### Recorded data:
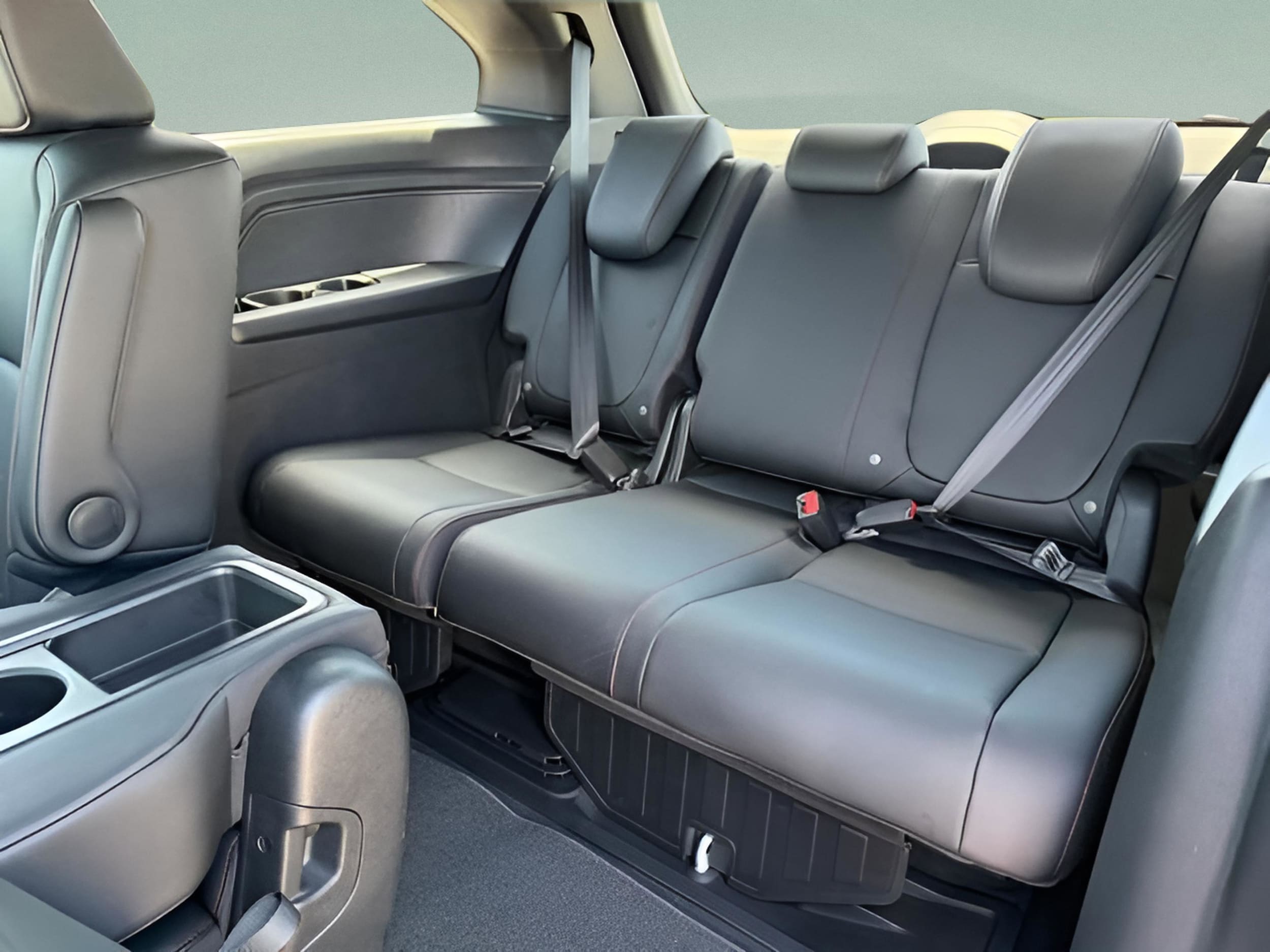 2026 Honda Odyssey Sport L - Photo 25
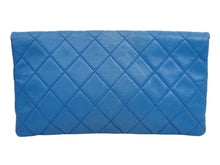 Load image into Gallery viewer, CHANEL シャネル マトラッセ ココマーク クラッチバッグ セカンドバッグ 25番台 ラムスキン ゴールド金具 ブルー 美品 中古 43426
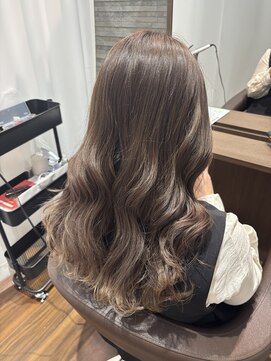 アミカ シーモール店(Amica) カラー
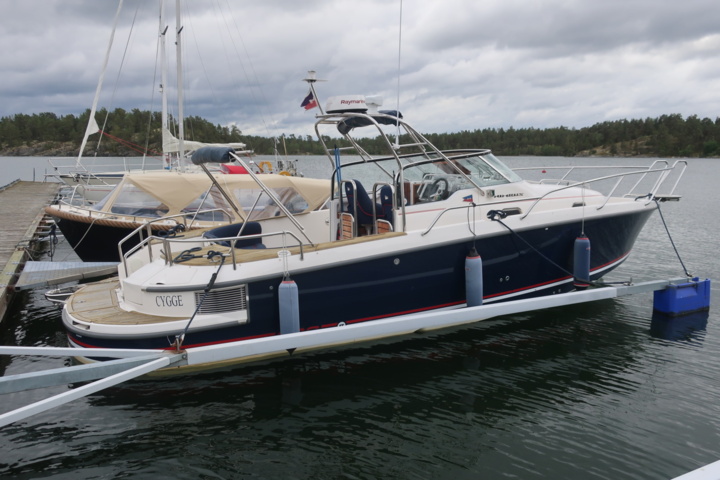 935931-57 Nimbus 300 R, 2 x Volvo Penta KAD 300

### Brief:
At the line containing "アミカ シーモール店(Amica) カラー", start reproducing exactly, and stop after the last line of the listing; include both ends, and leave the pictures out.

### Reply to the task:
 アミカ シーモール店(Amica) カラー
 935931-57 Nimbus 300 R, 2 x Volvo Penta KAD 300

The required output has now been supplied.